* [WHAT YOU HAVE TO DO] Reproduce from the records below, with no pictures, exactly the lines between the one containing "orange Piñata rose flowers" and the one containing "Пион Пафт Коттон", inclusive.

* [STUDY MATERIAL]
::::::::
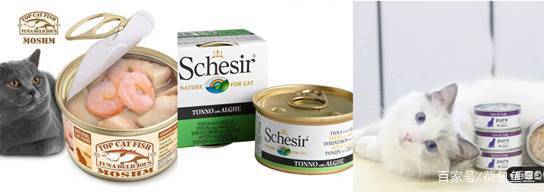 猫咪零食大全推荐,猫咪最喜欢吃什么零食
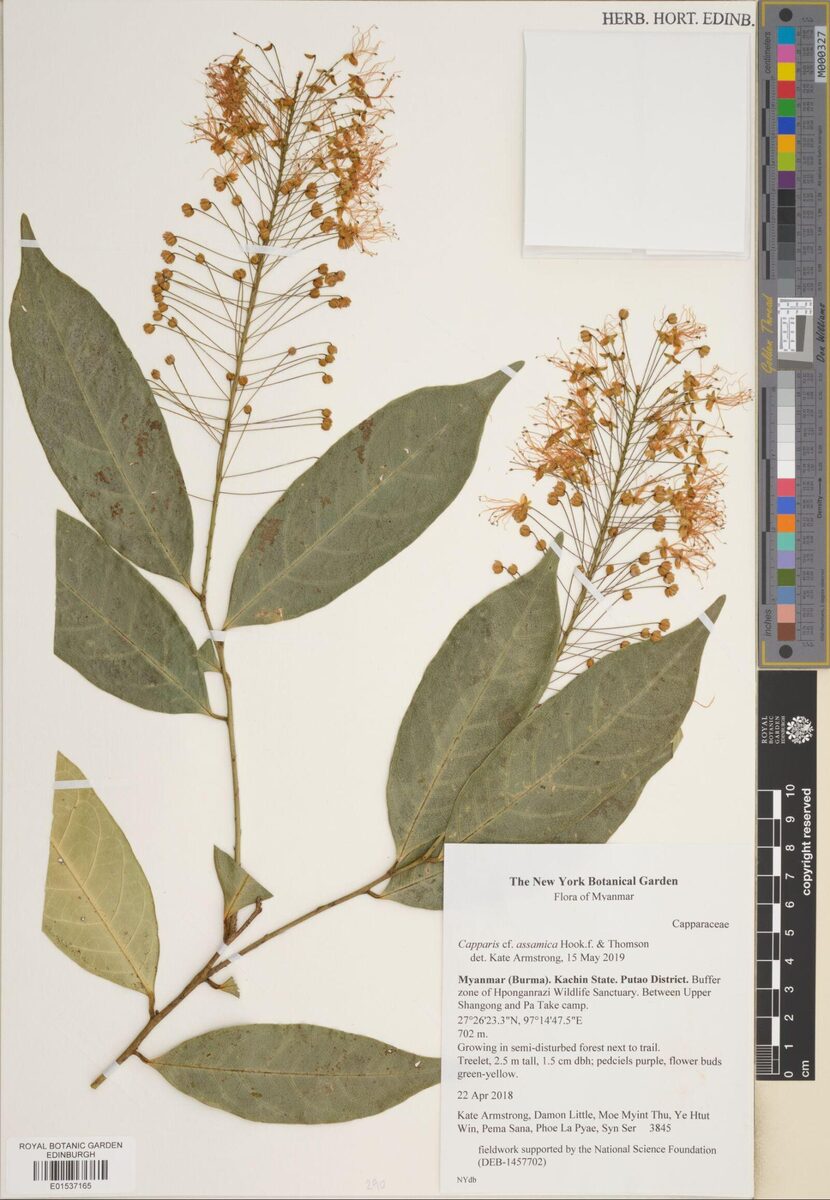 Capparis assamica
::::::::
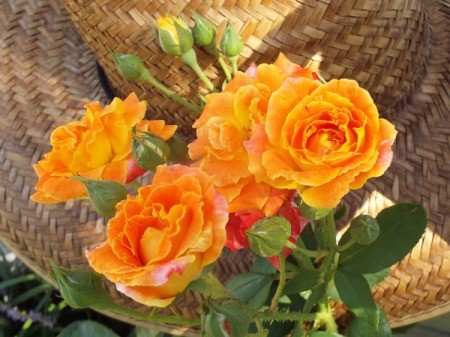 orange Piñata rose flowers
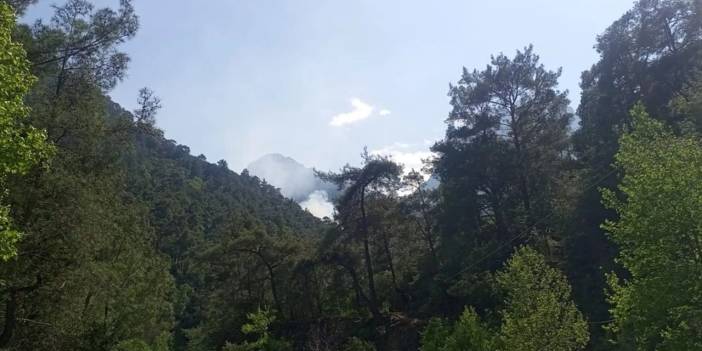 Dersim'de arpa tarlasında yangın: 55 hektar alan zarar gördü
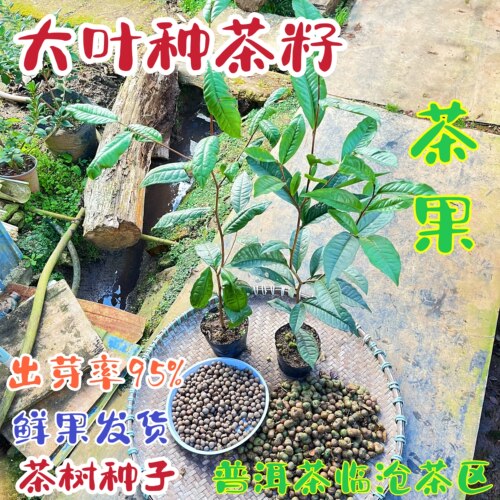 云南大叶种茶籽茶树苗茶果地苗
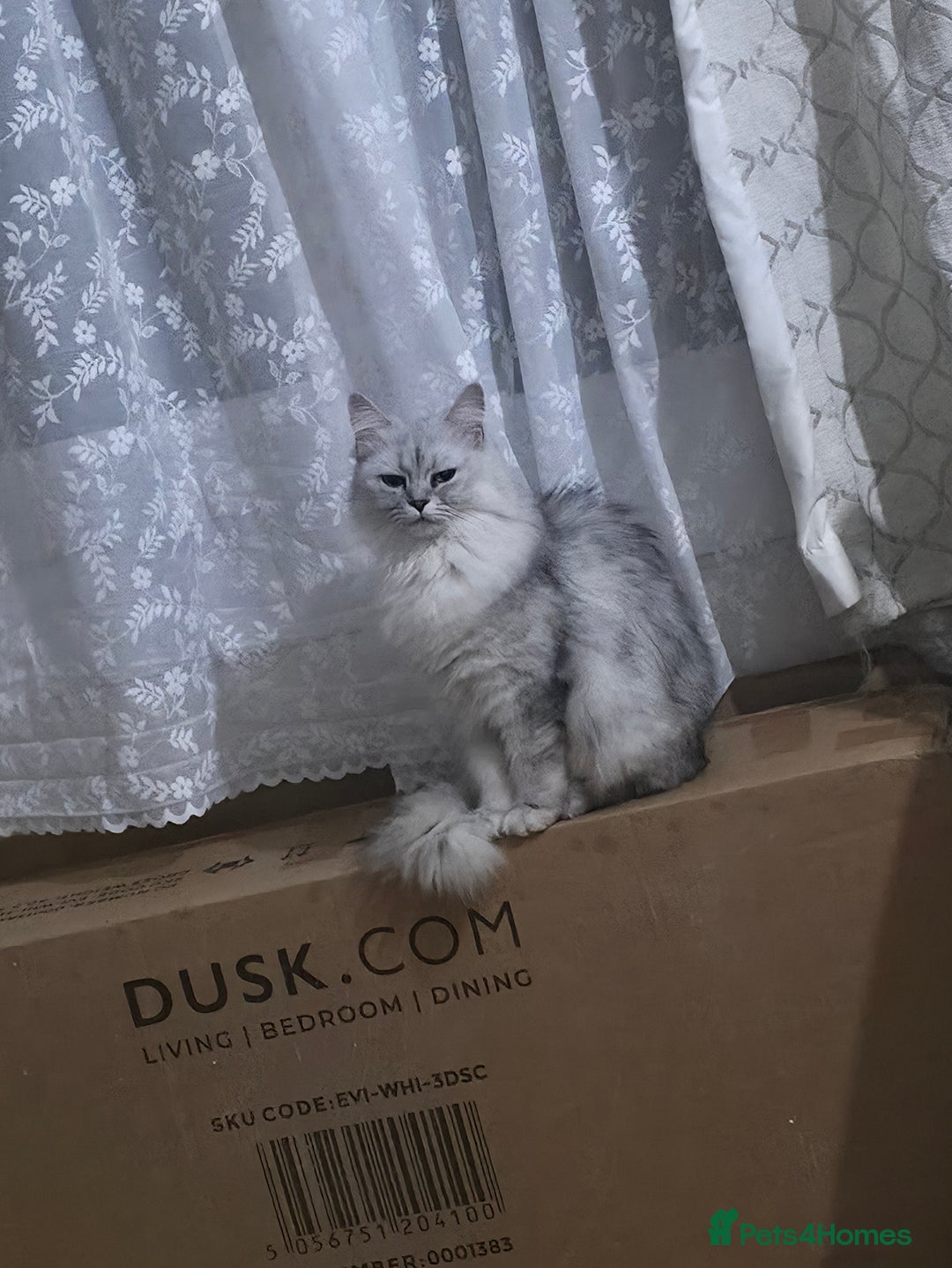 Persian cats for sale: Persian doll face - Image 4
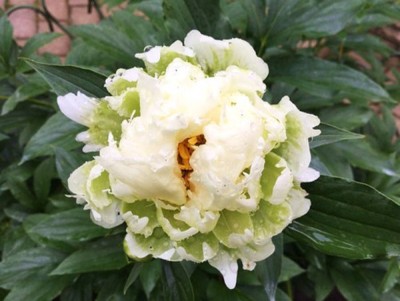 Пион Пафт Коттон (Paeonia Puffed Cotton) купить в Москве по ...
::::::::
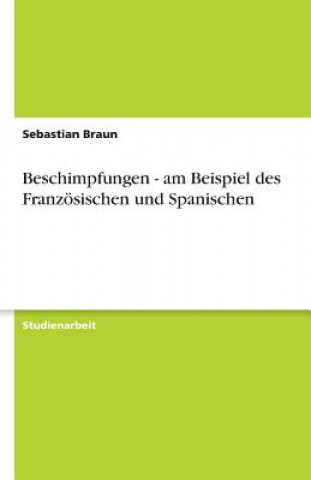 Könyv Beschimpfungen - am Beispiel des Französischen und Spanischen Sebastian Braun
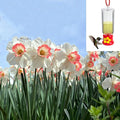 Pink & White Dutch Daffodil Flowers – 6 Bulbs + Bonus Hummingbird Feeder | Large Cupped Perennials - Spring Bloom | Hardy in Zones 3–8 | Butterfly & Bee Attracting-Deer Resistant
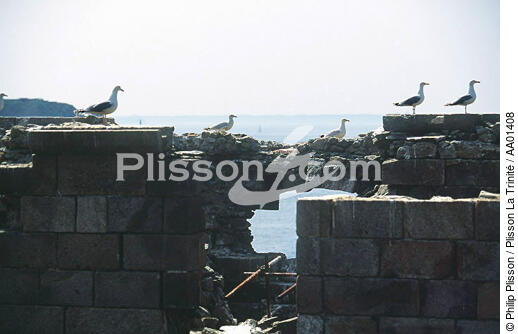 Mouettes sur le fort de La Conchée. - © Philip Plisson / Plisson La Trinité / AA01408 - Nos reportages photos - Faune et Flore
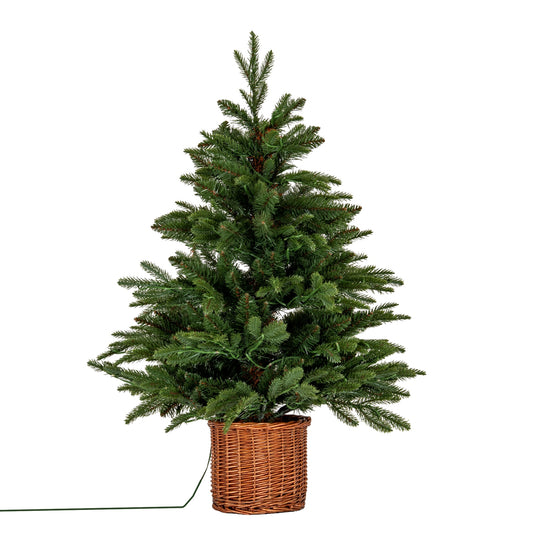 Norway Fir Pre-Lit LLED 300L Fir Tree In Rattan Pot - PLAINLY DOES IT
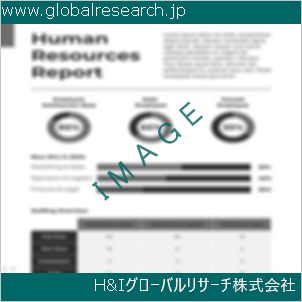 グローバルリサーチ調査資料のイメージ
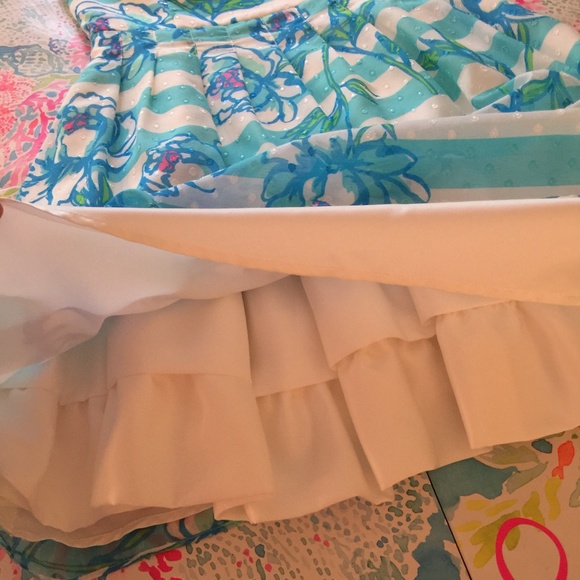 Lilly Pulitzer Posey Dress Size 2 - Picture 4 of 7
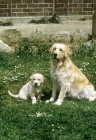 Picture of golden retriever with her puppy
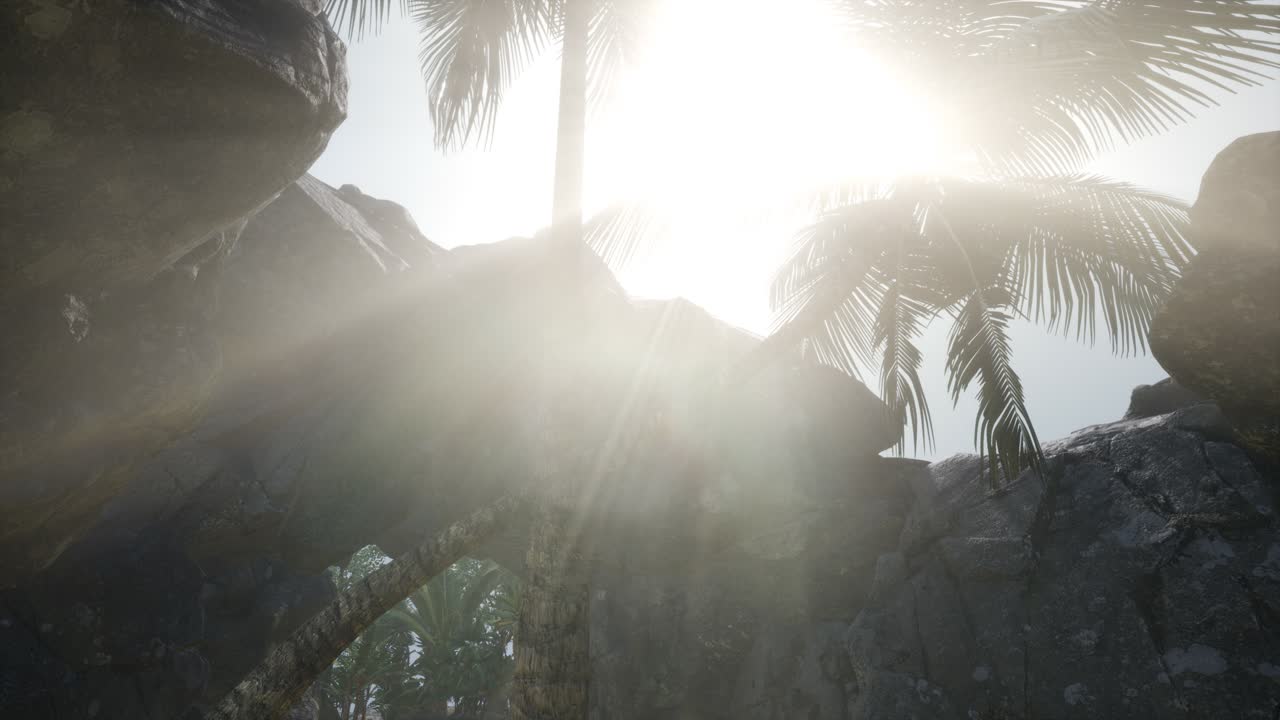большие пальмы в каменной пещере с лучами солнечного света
::::::::
* [EXERCISE OUTPUT]
 orange Piñata rose flowers
 Dersim'de arpa tarlasında yangın: 55 hektar alan zarar gördü
 云南大叶种茶籽茶树苗茶果地苗
 Persian cats for sale: Persian doll face - Image 4
 Пион Пафт Коттон (Paeonia Puffed Cotton) купить в Москве по ...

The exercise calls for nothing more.